Every line in the records below that holds "Country" must be identified and copied.

[THE DATA — start]

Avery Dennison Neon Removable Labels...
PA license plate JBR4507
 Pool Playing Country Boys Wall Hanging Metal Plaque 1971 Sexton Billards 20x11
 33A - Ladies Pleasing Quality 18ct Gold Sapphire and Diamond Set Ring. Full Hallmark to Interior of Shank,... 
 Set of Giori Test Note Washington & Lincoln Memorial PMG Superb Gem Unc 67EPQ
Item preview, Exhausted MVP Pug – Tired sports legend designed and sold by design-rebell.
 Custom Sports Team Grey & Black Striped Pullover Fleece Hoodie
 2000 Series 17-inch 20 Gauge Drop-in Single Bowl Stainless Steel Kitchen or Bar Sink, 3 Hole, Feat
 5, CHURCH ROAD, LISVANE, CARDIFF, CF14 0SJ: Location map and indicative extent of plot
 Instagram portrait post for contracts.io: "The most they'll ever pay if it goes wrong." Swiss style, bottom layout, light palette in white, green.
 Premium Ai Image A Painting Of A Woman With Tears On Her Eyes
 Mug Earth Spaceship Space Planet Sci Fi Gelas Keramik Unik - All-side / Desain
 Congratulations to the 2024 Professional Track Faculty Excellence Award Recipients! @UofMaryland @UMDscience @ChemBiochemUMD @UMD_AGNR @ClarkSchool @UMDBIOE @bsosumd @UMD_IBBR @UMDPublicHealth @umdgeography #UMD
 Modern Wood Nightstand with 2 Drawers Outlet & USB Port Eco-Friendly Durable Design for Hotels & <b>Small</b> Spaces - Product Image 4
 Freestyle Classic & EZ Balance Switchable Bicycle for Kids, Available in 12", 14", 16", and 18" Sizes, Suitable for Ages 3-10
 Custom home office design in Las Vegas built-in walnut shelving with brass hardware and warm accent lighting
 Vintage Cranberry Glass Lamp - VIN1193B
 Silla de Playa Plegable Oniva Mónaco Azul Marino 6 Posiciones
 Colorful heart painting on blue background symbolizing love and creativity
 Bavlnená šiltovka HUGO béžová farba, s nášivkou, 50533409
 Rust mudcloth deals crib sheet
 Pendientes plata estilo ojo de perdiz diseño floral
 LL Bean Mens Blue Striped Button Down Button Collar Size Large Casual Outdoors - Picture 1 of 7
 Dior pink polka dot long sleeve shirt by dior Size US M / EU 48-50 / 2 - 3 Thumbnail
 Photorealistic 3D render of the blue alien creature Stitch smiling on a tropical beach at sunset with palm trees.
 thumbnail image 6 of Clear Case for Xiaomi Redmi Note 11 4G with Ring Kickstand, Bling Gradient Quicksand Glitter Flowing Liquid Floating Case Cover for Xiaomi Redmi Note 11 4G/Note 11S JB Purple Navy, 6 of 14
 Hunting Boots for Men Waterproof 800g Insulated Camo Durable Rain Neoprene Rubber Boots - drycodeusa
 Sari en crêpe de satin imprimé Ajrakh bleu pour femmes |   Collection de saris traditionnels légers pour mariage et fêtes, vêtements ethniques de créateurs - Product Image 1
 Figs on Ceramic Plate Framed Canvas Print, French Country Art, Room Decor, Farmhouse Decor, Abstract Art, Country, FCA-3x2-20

[THE DATA — finish]

▶ TASK RESPONSE:
 Pool Playing Country Boys Wall Hanging Metal Plaque 1971 Sexton Billards 20x11
 Figs on Ceramic Plate Framed Canvas Print, French Country Art, Room Decor, Farmhouse Decor, Abstract Art, Country, FCA-3x2-20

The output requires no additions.